Speaking to the Associated Press, Maynard said that the Harambe meme is not at all fun for the zoo's staff. "We are not amused by the memes, petitions and signs about Harambe," Maynard told the AP. "Our zoo family is still healing, and the constant mention of Harambe makes moving forward more difficult for us. We are honoring Harambe by redoubling our gorilla conservation efforts and encouraging others to join us."

Others in Cincinnati feel the same way, with James Leggate, web editor at local news station WCPO, starting a (tongue-in-cheek) petition to stop Harambe petitions. "At first, the petitioners had good intentions," wrote Leggate in an opinion column. "But then the goofuses of the internet hopped on the Harambe train for their jollies, and it has gotten out of control."

In fairness, taking the Harambe meme too far isn't just part of the joke — it is the joke. As Select All's Brian Feldman noted, the meme is really a response to the media's (sometimes) histrionic coverage of the death of Cecil the lion. "Cecil memes happened as a response to Cecil outrage, but Harambe memes happened in anticipation of Harambe outrage," writes Feldman. "Harambe became a referendum on and a satire of social-media-outrage culture, his name a stand-in for everything wrong with the way social media reacts to news."

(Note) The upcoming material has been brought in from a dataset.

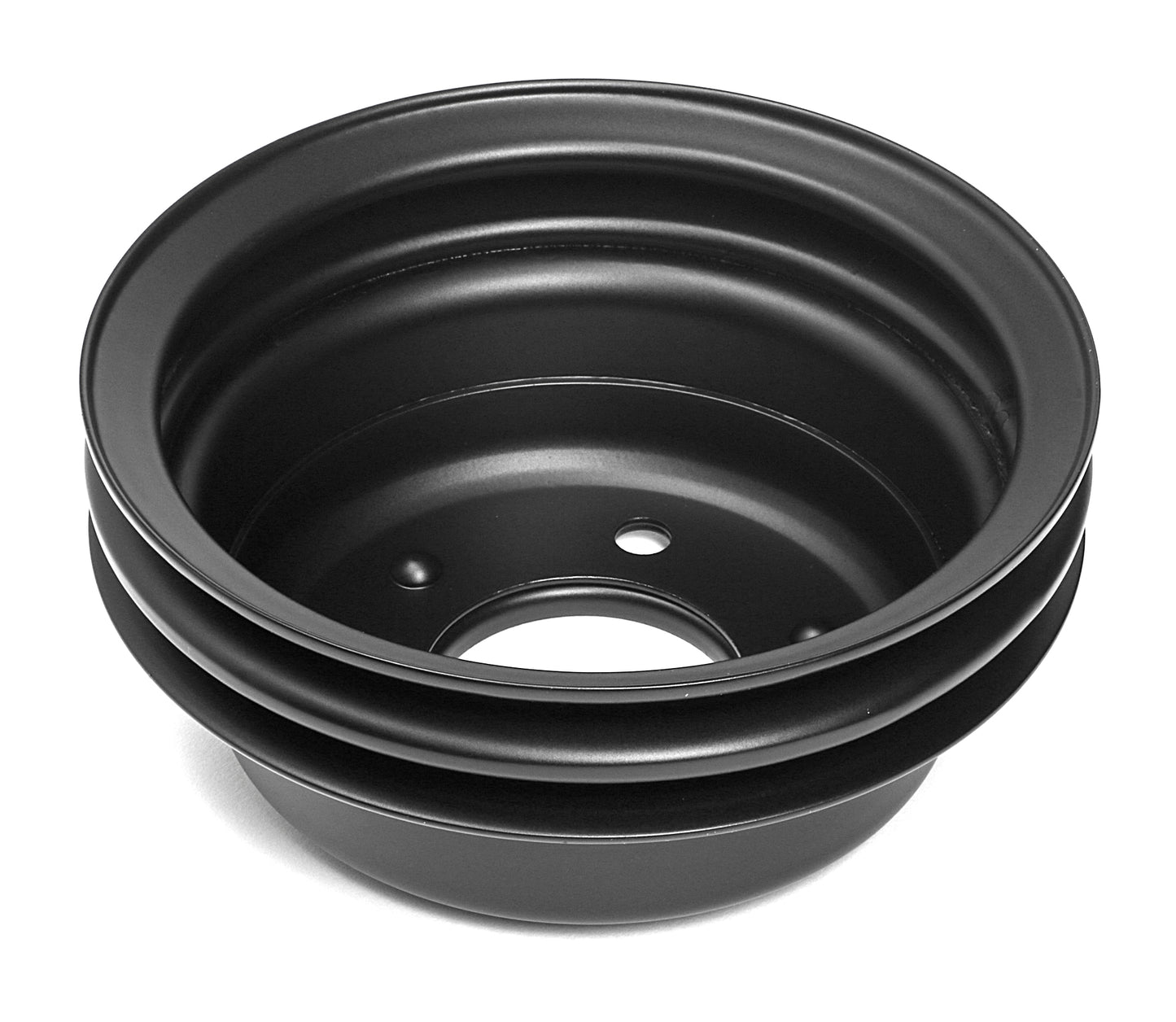 Trans-Dapt Performance Crankshaft Pulley; 2 Groove; 1965-1966 Ford 289; O.E. Water Pump- Asphalt Black Powder Coat 8310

Now, though, we're at the point where the reaction is making life difficult for staff at Cincinnati Zoo — people who genuinely loved and cared for Harambe. Does that mean it's time to stop the memes? Well, probably, but not out of sympathy, that's not the internet's way; but because the joke is just getting a little old. It's okay to mourn Harambe, the gorilla that died, but sometimes you have to let go of your grief — and your memes.